Finance Minister Tito Mboweni
Finance Minister Tito Mboweni
Image: Esa Alexander

Finance minister Tito Mboweni has given the strongest indication yet that the embattled VBS Mutual Bank could be saved.

Various ANC MPs and those from the EFF have called for the bank‚ which was placed under curatorship in March after looting by executives led to a liquidity crisis‚ to be recapitalised.

“As we deal with VBS matter it is important we do not throw the baby out with the bathwater … the model of VBS [encouraging a savings culture and uplifting poorer communities] … before the great heist was correct … as part of the model to transform banking sector. We will work with regulator to ensure that that the model doesn’t disappear‚" Mboweni said as he delivered his medium-term budget policy statement (MTBPS).

However‚ he added that the “perpetrators of the great bank heist must be locked up after a fair trial”.

The investigation into VBS's affairs has shown how executives looted nearly R2bn from the bank‚ with a number of senior provincial ANC politicians also implicated in wrongdoing.

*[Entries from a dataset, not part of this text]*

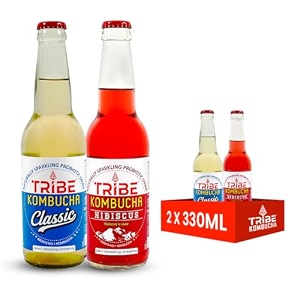 tribe kombucha naturally sparkling probiotic super drink recipes with herbs spices hibiscus amp lemon  gut friendly  gluten free  immunity booster  antioxidant and hydration  pack of 18 330 ml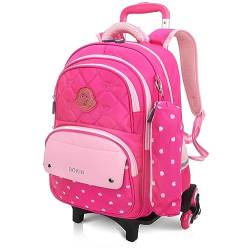 PROTAURI Jungen Mädchen Trolley Rucksack Schultasche - Kinder Rollen Rucksack Daypacks Kindergepäck Reisegepäck Handgepäck Kinderkoffer Tasche Wasserdicht Reisekoffer mit 6 Räder von PROTAURI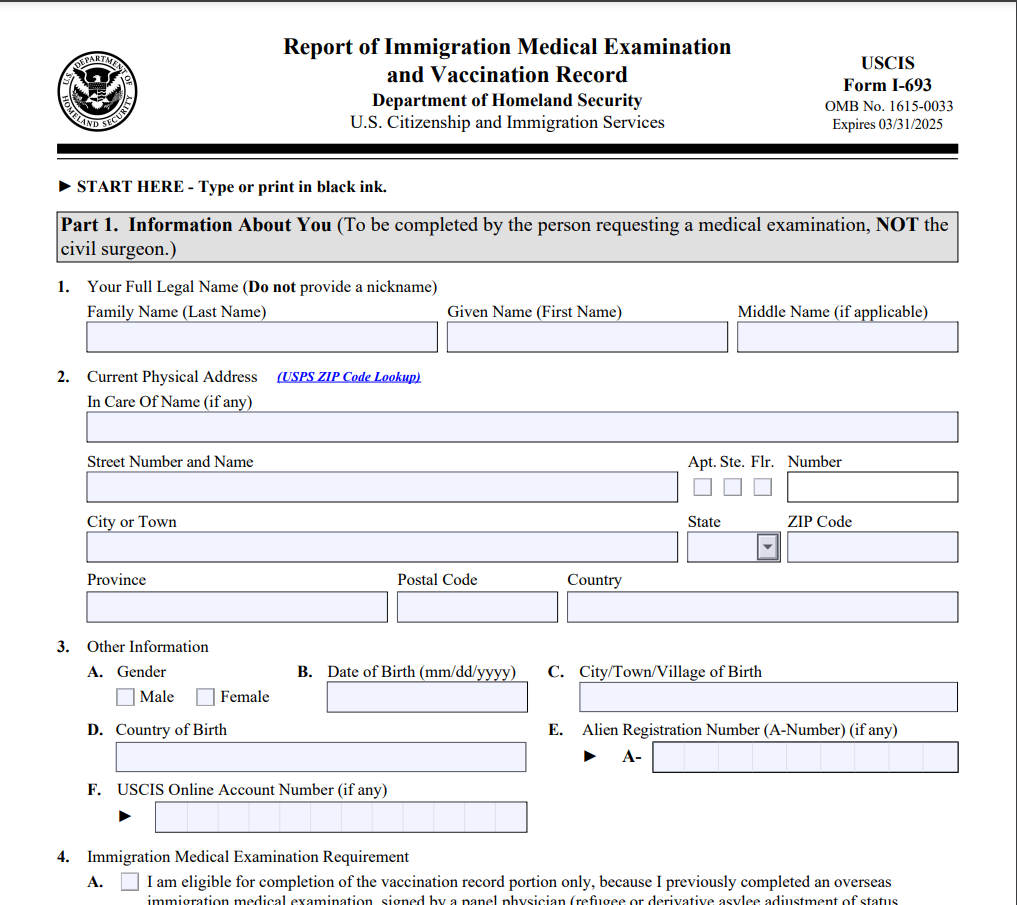 I-693 form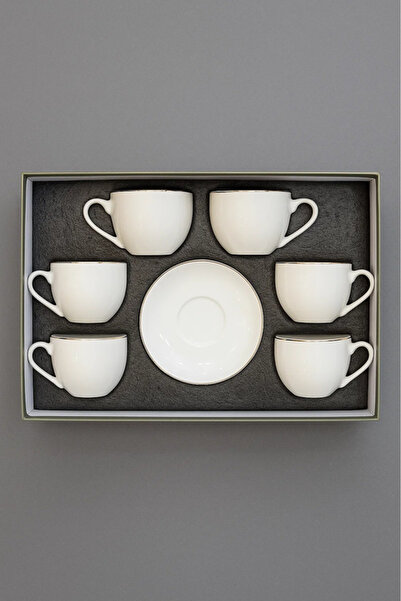 Urbanza طقم فناجين شاي وقهوة من السيراميك الأبيض مكون من 6 قطع مع صحن
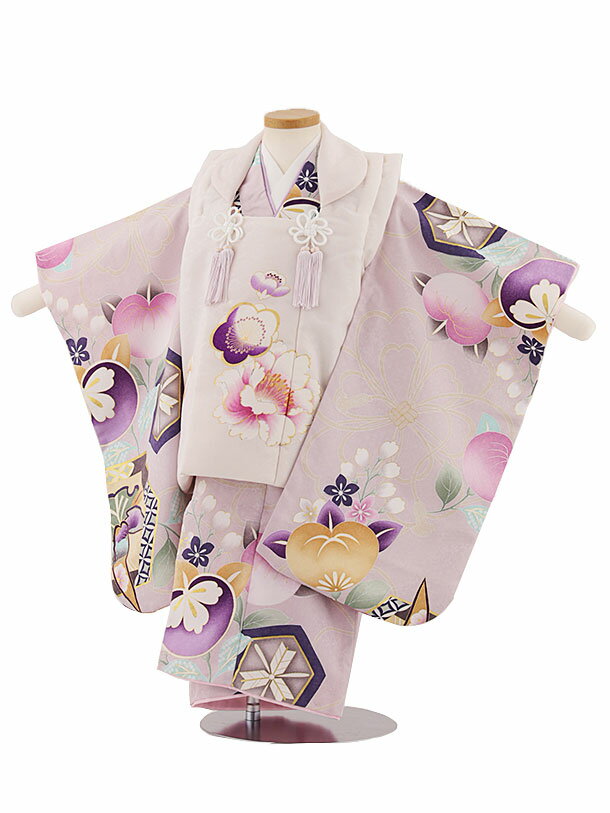 七五三 着物 3歳 レンタル 七五三 3歳 被布 セット 4631 薄ピンク×ラベンダー 橘に亀甲笹 女の子 七五三レンタル 3歳 女児 被布 七五三 三歳女児...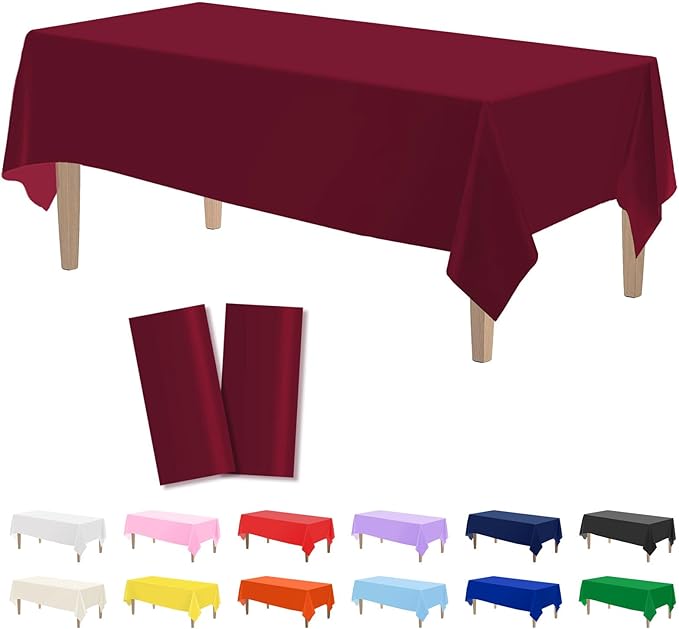 Kopokita 2PCS Burgundy Plastic Tablecloths 54 x 108 Inch, Disposable Table Cloths Rectangle Party Table Covers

Of this‚ R1.2bn belonged to 14 municipalities‚ mainly in Limpopo and the North West — money they are unlikely to recover.

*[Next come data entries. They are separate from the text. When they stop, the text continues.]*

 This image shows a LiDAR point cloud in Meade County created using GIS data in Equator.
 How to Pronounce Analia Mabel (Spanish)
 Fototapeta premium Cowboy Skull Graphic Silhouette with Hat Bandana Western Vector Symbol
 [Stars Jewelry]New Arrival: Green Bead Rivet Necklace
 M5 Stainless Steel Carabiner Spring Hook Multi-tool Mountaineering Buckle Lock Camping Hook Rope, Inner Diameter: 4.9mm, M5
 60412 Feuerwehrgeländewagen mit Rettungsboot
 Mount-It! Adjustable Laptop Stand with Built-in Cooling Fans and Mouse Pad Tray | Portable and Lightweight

“The funds lost by municipalities in the collapse of VBS offer dramatic illustration of how greed and corruption impacts the achievement of developmental objectives‚” said Mboweni.

“ But this is not the only case in which public funds have been diverted to benefit a few greedy individuals. There are many cases where projects are manufactured‚ contracts are awarded corruptly and construction costs are inflated‚ or where corrupt practices have taken hold in the provision of land use rights.

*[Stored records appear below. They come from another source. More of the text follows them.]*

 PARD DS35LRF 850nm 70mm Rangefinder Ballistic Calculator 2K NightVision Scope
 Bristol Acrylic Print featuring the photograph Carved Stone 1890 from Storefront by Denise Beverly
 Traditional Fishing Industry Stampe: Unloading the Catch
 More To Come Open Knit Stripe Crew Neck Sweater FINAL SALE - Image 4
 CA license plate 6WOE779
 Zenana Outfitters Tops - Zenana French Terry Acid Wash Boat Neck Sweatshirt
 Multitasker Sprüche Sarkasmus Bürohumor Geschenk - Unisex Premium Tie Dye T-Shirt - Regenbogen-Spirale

"The National Treasury will work closely with the department of co-operative governance and traditional affairs to deal with financial misconduct in all spheres of government.”

Mboweni added that poor depositors had not lost any money. “They have been paid through the arrangement made by the regulator and another bank … the biggest losers have been shareholders and municipalities‚” said Mboweni.

The Treasury provided guarantees for ordinary depositors up to the value of R100‚000‚ with money accessible through Nedbank.